3) External services and protocols

IPOP relies on a series of open standards and technologies for various aspects of its functionality. First, it uses the Extensible Message and Presence Protocol (XMPP) as the trusted, out-of-band medium for bootstrapping secure connections. XMPP also enables peer discovery and notification in the network. To ensure P2P communication between nodes behind NATs, the libjingle library uses the Simple Traversal Utilities for NATs (STUN) protocol. This service allows peers to discover their public IP and port from behind NATs. We call this a reflection service. Finally, for nodes behind symmetric NATs with routers that cannot be traversed with STUN, the libjingle library leverages the Traversal Using Relays around NATs (TURN) protocol. A TURN relay with a public IP address serves as a middleman routing IP packets between two nodes behind symmetric, untraversable NATs. Our use of open standards ensure a modular design where we can reuse existing mature tools available on the Internet.

A. XMPP (Peer discovery/notification)

Before a P2P connection can be established between two nodes, the nodes have to discover each other and exchange information such as their current public IP addresses and ports and X.509 fingerprints. This exchange has to occur through a trusted medium that allows for generic messaging. XMPP serves exactly that purpose and it is widely available as an open standard with many open-source implementations. By using XMPP’s presence and query stanzas, IPOP-Tincan is able to send messages through XMPP services without any additional features or requirements. For our deployments, we tested our design on Google XMPP servers, Jabber.org servers, and even our own XMPP server through the use of ejabberd deployments on Amazon EC2. We have provided instructions on how to independently deploy an ejabberd XMPP service on our wiki.
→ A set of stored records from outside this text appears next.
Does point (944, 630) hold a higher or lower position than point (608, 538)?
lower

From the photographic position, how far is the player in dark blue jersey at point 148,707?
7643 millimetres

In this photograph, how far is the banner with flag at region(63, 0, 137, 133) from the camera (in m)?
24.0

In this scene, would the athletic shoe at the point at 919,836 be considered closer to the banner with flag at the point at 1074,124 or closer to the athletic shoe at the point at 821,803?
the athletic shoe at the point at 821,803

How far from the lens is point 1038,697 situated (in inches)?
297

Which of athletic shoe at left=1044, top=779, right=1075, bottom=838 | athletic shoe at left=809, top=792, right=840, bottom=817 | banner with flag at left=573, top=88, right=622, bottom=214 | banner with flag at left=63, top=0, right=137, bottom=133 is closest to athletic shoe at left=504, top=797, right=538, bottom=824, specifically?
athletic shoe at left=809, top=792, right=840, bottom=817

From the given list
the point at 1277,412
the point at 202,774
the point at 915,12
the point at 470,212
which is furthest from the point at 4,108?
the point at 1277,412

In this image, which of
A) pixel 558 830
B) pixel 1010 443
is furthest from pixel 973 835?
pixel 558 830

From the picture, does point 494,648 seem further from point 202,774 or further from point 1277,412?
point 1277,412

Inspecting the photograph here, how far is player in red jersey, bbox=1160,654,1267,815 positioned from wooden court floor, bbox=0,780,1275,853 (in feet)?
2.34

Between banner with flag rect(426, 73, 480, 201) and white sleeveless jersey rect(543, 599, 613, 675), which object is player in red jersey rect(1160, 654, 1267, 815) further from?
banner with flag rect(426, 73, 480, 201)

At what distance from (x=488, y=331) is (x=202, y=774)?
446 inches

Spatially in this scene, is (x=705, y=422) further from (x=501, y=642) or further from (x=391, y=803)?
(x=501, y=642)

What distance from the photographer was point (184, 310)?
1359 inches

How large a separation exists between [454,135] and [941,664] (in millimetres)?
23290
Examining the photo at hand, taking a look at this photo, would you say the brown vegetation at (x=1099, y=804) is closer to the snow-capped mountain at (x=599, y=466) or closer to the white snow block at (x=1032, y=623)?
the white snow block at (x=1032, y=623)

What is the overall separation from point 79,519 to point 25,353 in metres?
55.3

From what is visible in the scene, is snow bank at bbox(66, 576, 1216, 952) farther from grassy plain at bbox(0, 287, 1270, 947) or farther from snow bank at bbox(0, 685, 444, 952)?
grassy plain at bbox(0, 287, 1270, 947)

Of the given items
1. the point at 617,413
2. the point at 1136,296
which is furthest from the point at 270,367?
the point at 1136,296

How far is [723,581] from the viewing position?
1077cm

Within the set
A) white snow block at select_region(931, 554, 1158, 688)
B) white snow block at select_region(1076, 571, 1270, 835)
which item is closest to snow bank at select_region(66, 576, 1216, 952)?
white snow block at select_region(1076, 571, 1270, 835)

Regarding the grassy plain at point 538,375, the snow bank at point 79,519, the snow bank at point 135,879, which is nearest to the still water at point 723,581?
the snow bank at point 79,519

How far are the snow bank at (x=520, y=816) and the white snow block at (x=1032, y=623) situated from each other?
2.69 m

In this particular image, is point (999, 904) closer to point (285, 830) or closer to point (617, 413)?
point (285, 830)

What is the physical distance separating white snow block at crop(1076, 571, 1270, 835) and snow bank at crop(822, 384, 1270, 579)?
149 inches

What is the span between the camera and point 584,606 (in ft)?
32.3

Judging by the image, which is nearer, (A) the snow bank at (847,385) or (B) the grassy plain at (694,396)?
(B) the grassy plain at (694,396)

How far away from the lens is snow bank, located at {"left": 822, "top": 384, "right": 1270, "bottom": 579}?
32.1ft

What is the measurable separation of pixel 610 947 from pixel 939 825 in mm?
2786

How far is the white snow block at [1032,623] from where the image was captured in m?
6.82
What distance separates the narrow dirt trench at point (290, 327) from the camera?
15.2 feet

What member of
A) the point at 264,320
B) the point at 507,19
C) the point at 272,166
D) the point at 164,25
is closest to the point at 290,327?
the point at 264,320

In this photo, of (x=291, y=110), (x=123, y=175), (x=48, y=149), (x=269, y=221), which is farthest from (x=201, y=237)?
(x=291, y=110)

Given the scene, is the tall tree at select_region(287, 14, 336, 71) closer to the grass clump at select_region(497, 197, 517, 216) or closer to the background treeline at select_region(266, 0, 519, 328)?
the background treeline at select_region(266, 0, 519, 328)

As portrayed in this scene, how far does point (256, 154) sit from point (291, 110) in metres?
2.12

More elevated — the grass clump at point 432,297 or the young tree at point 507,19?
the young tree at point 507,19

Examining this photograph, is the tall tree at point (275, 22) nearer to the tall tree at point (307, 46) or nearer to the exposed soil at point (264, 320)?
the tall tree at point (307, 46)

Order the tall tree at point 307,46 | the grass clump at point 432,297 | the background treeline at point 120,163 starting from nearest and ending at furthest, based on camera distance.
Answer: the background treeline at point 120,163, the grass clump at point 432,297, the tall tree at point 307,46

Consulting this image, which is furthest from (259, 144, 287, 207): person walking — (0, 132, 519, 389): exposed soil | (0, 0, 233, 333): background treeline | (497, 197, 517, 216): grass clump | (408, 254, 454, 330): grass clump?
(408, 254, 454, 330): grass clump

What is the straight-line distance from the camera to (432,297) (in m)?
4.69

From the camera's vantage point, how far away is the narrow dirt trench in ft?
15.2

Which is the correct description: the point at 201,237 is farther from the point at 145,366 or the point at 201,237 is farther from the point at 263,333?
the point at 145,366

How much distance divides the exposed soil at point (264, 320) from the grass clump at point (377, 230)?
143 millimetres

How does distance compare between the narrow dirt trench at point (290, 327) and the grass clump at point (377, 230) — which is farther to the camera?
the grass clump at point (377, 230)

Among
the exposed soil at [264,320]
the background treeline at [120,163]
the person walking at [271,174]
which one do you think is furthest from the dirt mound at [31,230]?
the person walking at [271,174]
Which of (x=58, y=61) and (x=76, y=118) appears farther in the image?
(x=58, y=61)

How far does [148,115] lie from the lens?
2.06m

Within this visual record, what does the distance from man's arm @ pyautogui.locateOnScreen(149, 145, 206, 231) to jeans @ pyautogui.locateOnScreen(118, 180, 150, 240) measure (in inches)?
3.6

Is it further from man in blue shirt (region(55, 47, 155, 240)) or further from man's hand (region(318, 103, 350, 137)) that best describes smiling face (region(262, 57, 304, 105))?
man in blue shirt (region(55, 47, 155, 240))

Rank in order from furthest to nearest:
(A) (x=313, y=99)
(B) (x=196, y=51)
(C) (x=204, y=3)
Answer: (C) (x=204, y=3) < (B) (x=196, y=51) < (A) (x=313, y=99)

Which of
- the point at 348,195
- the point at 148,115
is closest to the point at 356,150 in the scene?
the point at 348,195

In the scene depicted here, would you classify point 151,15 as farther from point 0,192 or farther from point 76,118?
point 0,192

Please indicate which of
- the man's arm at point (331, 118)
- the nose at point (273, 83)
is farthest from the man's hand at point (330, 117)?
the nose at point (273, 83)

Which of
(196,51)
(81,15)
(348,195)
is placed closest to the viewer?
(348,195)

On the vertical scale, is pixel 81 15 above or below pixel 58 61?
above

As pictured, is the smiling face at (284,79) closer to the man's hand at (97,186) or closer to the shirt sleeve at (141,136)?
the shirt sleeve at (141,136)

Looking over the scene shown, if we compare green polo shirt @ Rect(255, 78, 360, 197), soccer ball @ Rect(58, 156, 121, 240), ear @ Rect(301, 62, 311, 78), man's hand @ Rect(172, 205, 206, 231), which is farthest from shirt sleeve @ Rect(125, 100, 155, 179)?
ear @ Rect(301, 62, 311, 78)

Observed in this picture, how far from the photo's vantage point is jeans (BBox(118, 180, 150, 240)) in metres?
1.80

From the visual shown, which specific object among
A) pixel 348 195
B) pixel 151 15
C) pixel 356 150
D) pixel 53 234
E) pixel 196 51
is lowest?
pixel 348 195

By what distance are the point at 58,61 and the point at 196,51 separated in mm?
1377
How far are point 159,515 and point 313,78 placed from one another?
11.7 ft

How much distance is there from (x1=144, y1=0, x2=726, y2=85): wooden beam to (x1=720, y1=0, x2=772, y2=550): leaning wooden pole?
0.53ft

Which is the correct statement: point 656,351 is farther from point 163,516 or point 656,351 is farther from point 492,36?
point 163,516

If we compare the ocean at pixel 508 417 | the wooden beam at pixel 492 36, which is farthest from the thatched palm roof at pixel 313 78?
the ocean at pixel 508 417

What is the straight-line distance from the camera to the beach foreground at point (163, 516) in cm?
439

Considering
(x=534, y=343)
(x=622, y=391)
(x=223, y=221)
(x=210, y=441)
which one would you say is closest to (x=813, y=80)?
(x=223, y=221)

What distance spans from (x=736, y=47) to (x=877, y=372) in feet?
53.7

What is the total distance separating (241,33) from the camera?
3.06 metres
B. STUN (Reflection/NAT traversal)

Most users connect to the Internet from behind a NAT device, which enables multiple machines to share a single IP address. As a result, most applications are not aware of their public IP address and port. Since a P2P connection is a direct IP connection between two devices, peers need to be aware of each others public IP addresses and ports in order to successfully create IPOP-Tincan connections. A STUN server enables such a capability. The ejabberd XMPP server has a built-in STUN server that allows peers to discover their public IP and port. Therefore, the same instructions about deploying a ejabberd XMPP service will also provide a STUN service by default. Google also runs a series of STUN servers for their XMPP and WebRTC protocol. A list can be found here.

C. TURN (Relay/NAT traversal)

According to Google statistics, about 8% of nodes cannot create direct P2P connections to each other due to symmetric NATs; in such extreme conditions, traffic relaying is the only option. This is accomplished through the TURN service. The job of a TURN server basically involves taking data from one peer and forwarding it to another. Since the TURN server has a publicly reachable IP address, nodes behind symmetric NATs can naturally connect to it. Using this middleman, two nodes behind symmetric NATs can communicate. Deploying a TURN server must be done with care because that machine will essentially be routing IP packets between two nodes therefore proper limits and restrictions have to be set in order to ensure the nodes does not become a network bottleneck. We provide the details of a TURN deployment on our wiki.